**Work to be completed**
Beginning at the line containing "Birmingham BMM-2321 Gray / Ivory Rug", repeat each line below exactly up to and including the line containing "Enlarge ANNIE, a". Do not repeat the pictures.

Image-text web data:
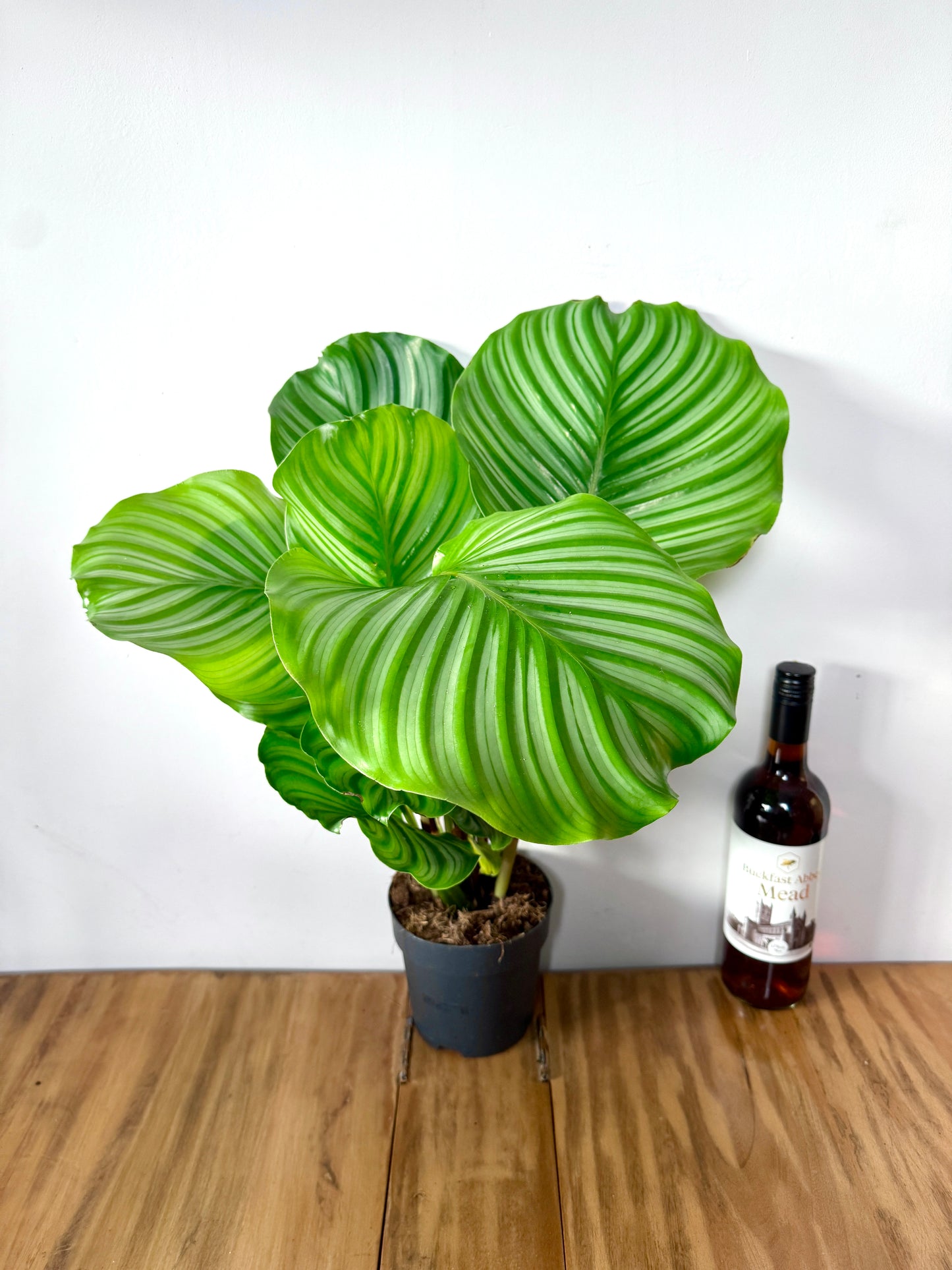 60cm Calathea Orbifolia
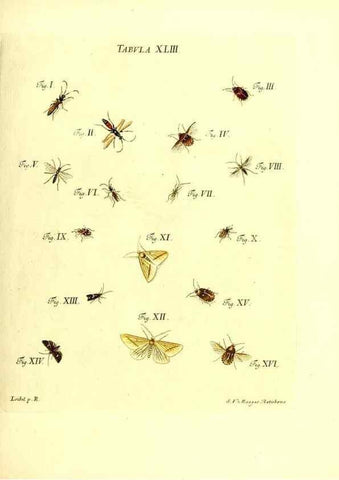 Reproducción/Reproduction 49810298196: Iacobi Christiani Schaefferi s.s. theologiae et philosophiae doctoris ... Icones insectorum circa Ratisbonam indigenorum :. Ratisbonae :Typis Breitfeldianis,MDCCLXXIX [1766-1779]. 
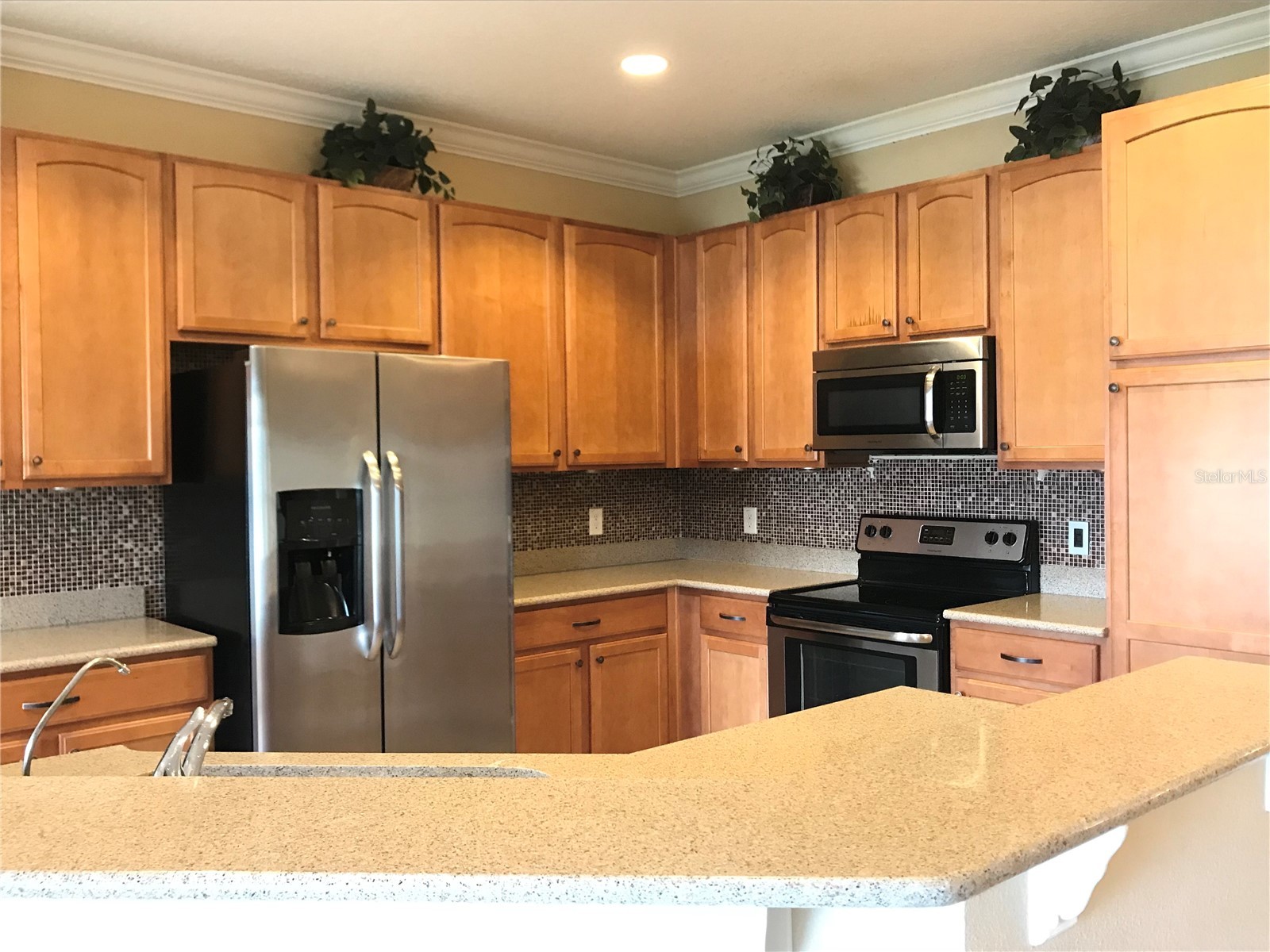 10505 Willow Ridge Loop Orlando FL 32825 O6388769 image15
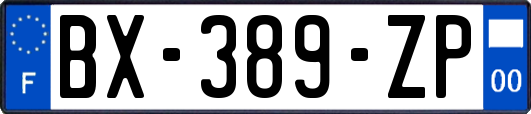 BX-389-ZP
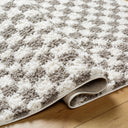 Birmingham BMM-2321 Gray / Ivory Rug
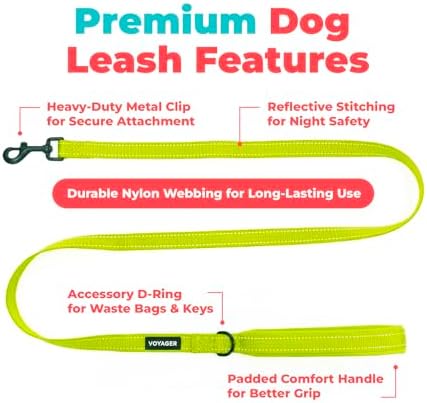 Best Pet Supplies Voyager Nylon Dog Leash - Lime Green, Large - Image 2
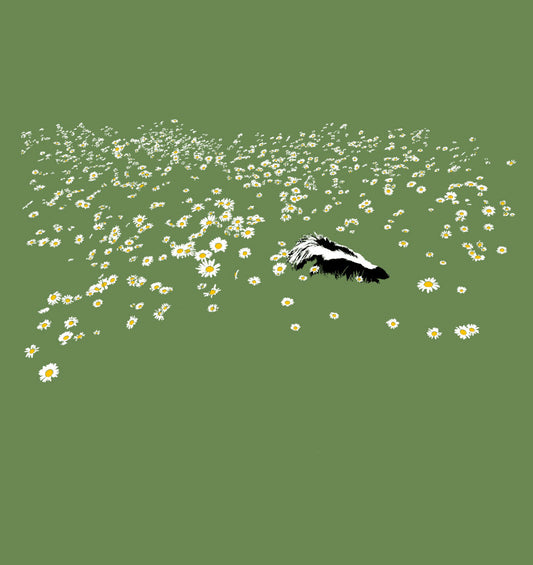 Skunk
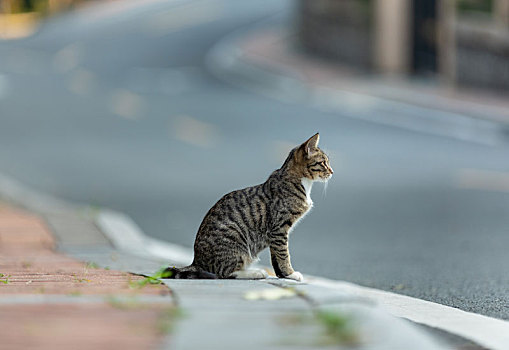 后院花园里玩耍的可爱猫眯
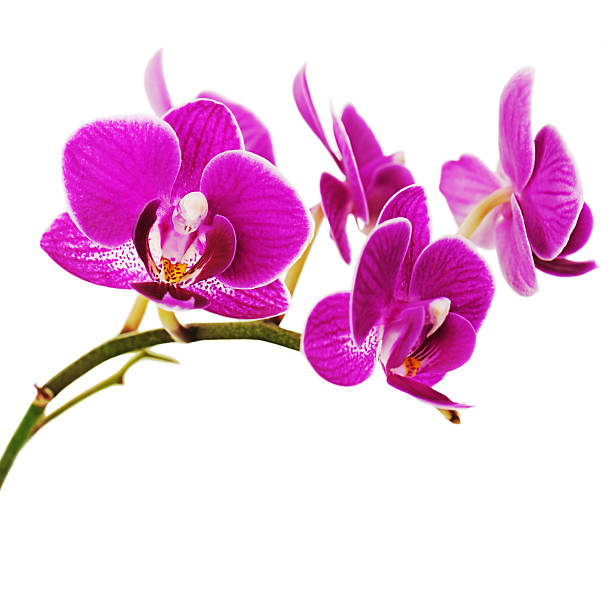 istock Very rare purple orchid isolated on white background. 186302209
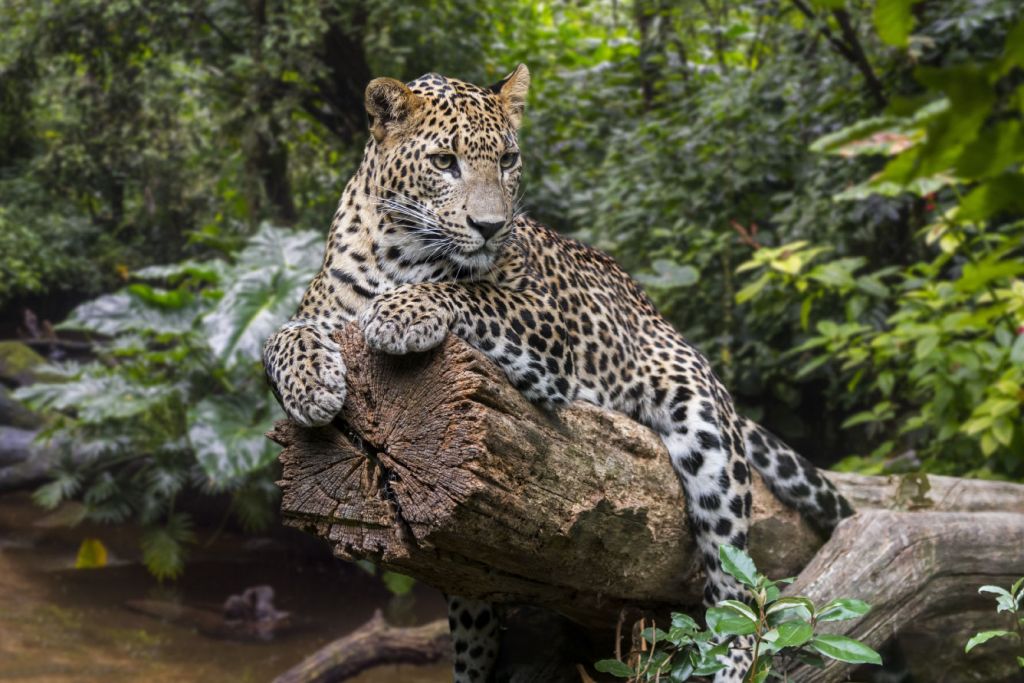 Un léopard sur une branche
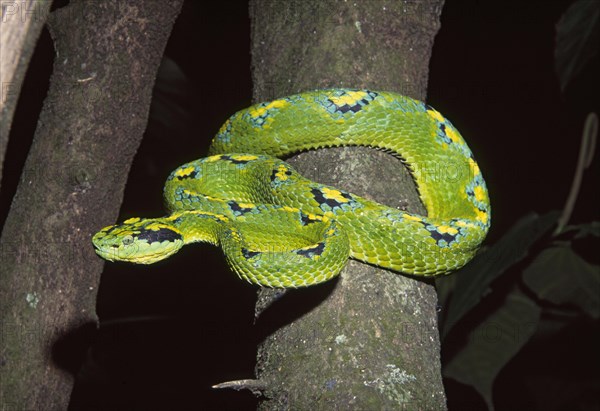 PALM VIPER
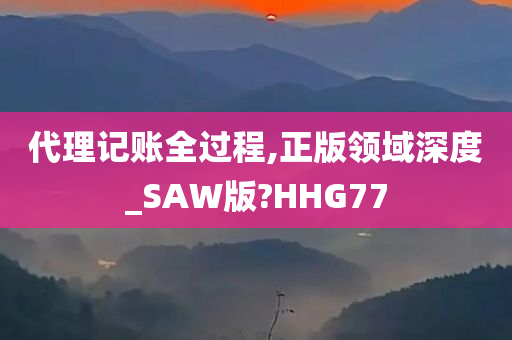 代理记账全过程,正版领域深度_SAW版?HHG77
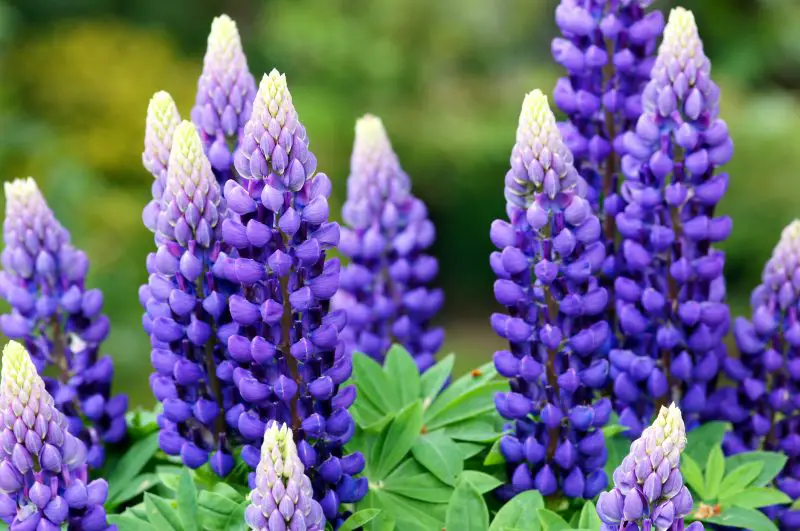 How to Germinate Lupine Seeds: Expert's Guide for Vibrant Flowers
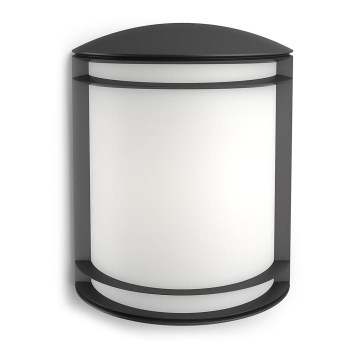 Philips - Välisseinale mõeldud seinalamp LED/6W/230V IP44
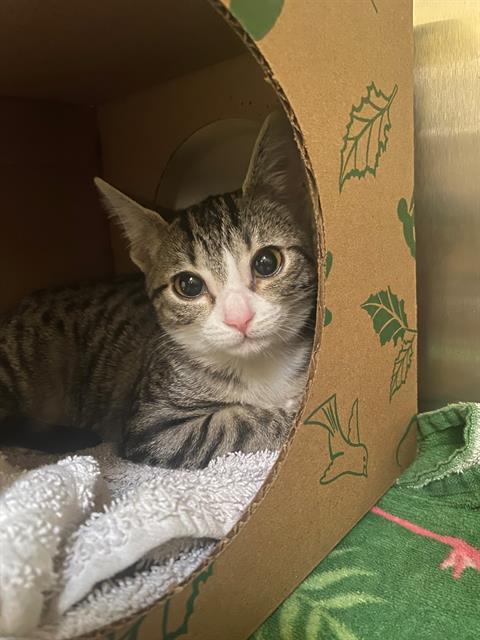 Enlarge ANNIE, a Adoptable Domestic Short Hair in Alameda, CA image 1/1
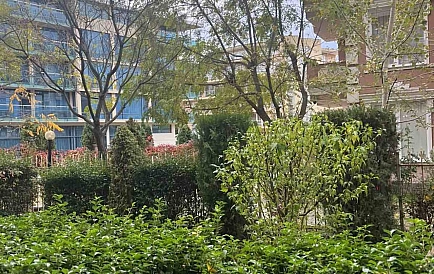 ID 14972 Zweizimmerwohnung in Balkan Breeze 2 Foto 10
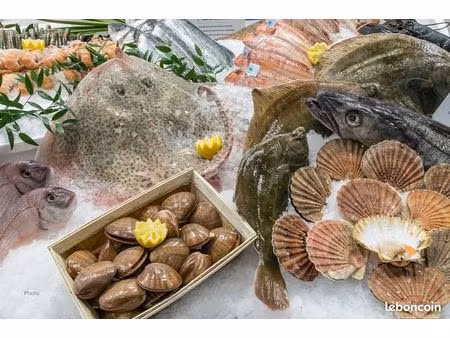 fonds de commerce  poissonnerie 180 m² perros-guirec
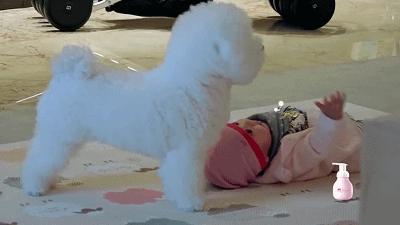 生活妙招：怎样去除狗狗身上的虱子？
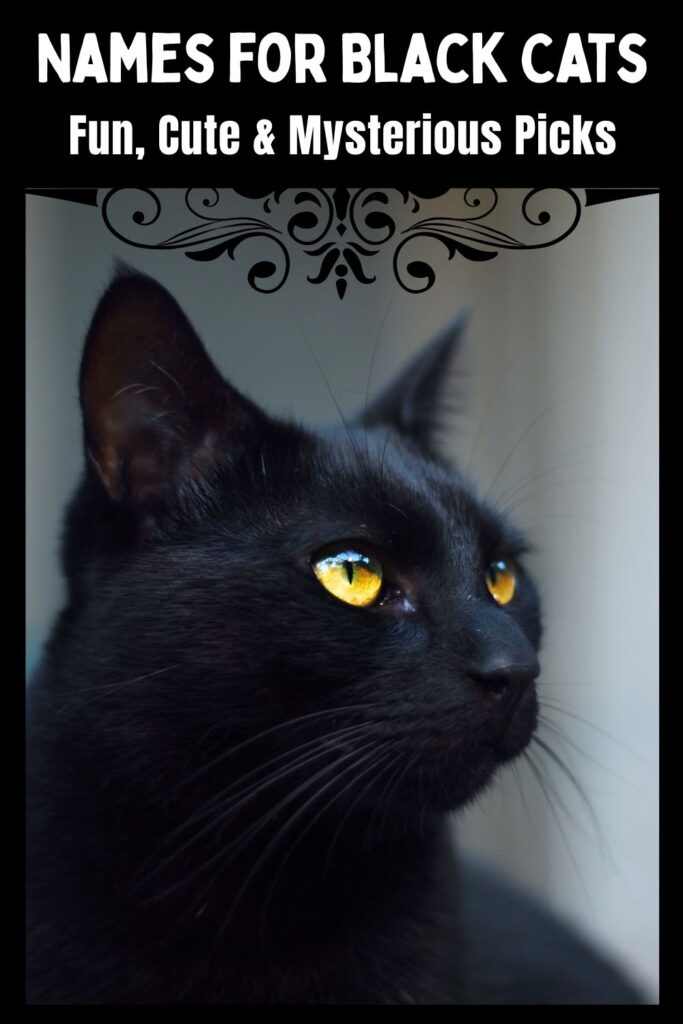 photo of a beautiful black cat with yellow eyes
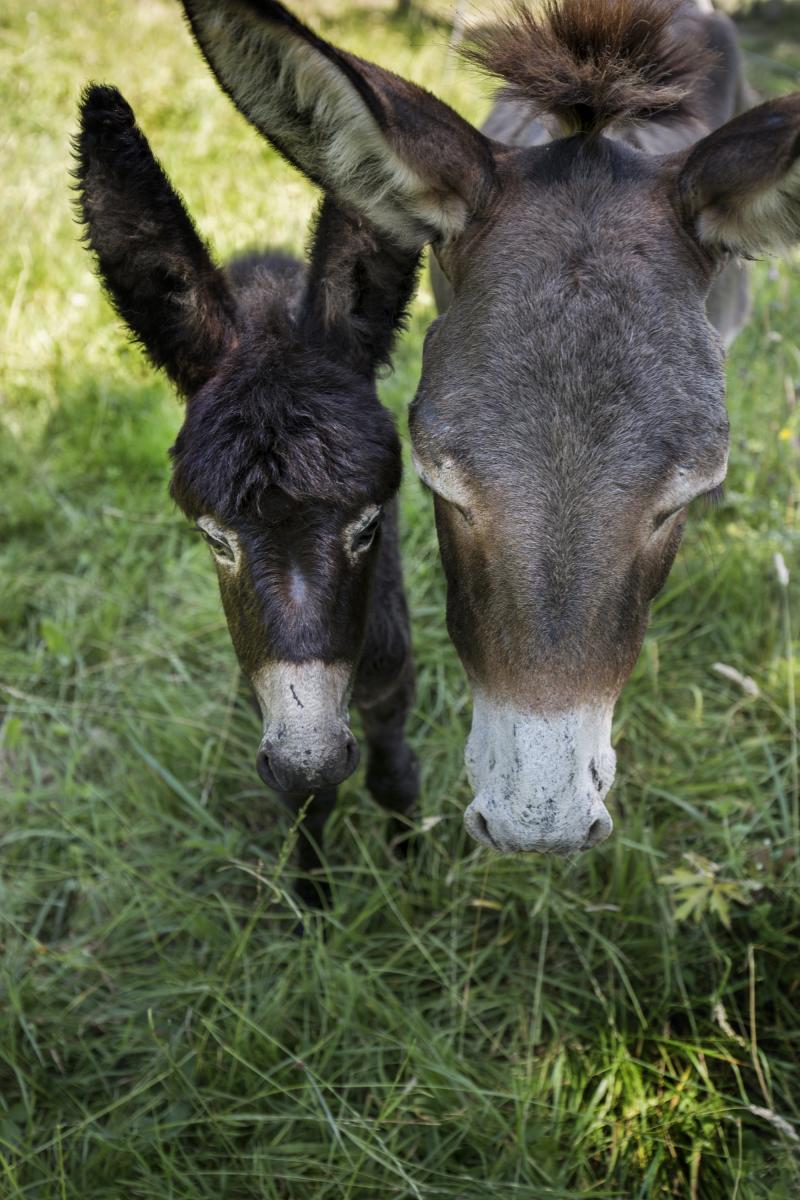 66cd0c5f-f4b8-41b0-8286-04b4c9778ff9.bin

**Completed exercise**
 Birmingham BMM-2321 Gray / Ivory Rug
 Best Pet Supplies Voyager Nylon Dog Leash - Lime Green, Large - Image 2
 Skunk
 后院花园里玩耍的可爱猫眯
 istock Very rare purple orchid isolated on white background. 186302209
 Un léopard sur une branche
 PALM VIPER
 代理记账全过程,正版领域深度_SAW版?HHG77
 How to Germinate Lupine Seeds: Expert's Guide for Vibrant Flowers
 Philips - Välisseinale mõeldud seinalamp LED/6W/230V IP44
 Enlarge ANNIE, a Adoptable Domestic Short Hair in Alameda, CA image 1/1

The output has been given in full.